DeepLearningExamples [BERT/PyTorch] Unable to reproduce bert benchmark under A100

Hi, I have notice that on A100 80G, bert Phase1 and Phase 2 can have a throughput of 853 and 289 sequences/sec respectively.

I want to reproduce this result on my own A100(80G) GPU. But when following bellow instruct, I only get the result 486 and 177 sequences/sec for bert phase 1 and phase 2.
https://github.com/NVIDIA/DeepLearningExamples/tree/master/PyTorch/LanguageModeling/BERT#benchmarking

I have notice that the result on NVIDIA website is using NGC 22.04-py3 + PyTorch1.12.0a0, so I build a NGC22.04 docker. When run bert performance with the same command, I got the error:

device: cuda:0 n_gpu: 1, distributed training: False, 16-bits training: True DLL 2022-06-27 02:08:09.119577 - PARAMETER Config : ["Namespace(allreduce_post_accumulation=False, allreduce_post_accumulation_fp16=False, amp=False, checkpoint_activations=False, config_file='bert_configs/large.json', cuda_graphs=False, disable_jit_fusions=False, disable_progress_bar=True, do_train=True, fp16=True, gradient_accumulation_steps=32, init_checkpoint=None, init_loss_scale=1048576, input_dir='pretrain/phase1/unbinned/parquet/', json_summary='results/dllogger.json', learning_rate=0.006, local_rank=-1, log_freq=1.0, loss_scale=0.0, max_predictions_per_seq=20, max_seq_length=128, max_steps=1.0, n_gpu=1, no_dense_sequence_output=False, num_steps_per_checkpoint=200, num_train_epochs=3.0, num_workers=1, output_dir='output', phase1_end_step=7038, phase2=False, profile=False, profile_start=0, resume_from_checkpoint=False, resume_step=-1, seed=42, skip_checkpoint=False, steps_this_run=1.0, train_batch_size=256, use_env=False, vocab_file='vocab/vocab', warmup_proportion=0.2843)"] /opt/conda/lib/python3.8/site-packages/torch/jit/_recursive.py:234: UserWarning: 'bias' was found in ScriptModule constants, but it is a non-constant parameter. Consider removing it. warnings.warn("'{}' was found in ScriptModule constants, "

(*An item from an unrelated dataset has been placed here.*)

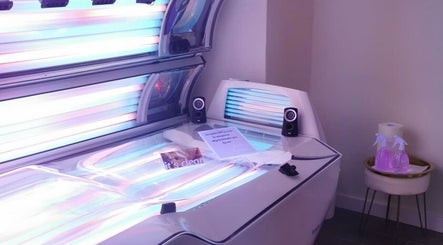 Cabina de bronceado en Vesta Karalevic Centro Bronceado, Cartagena, Región De Murcia, ES, preparada para uso.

Traceback (most recent call last): File "run_pretraining.py", line 731, in args, train_time_raw, stats, skip_fwd_bwd_for_perf = main() File "run_pretraining.py", line 672, in main take_training_step(args, grad_scaler, model, criterion, batch, stats) File "run_pretraining.py", line 513, in take_training_step grad_scaler.scale(loss).backward() File "/opt/conda/lib/python3.8/site-packages/torch/_tensor.py", line 399, in backward torch.autograd.backward(self, gradient, retain_graph, create_graph, inputs=inputs) File "/opt/conda/lib/python3.8/site-packages/torch/autograd/init.py", line 173, in backward Variable._execution_engine.run_backward( # Calls into the C++ engine to run the backward pass RuntimeError: The following operation failed in the TorchScript interpreter. Traceback of TorchScript (most recent call last): File "", line 75, in

            weight_size = weight.size()
            grad_input = torch.matmul(grad_output, weight)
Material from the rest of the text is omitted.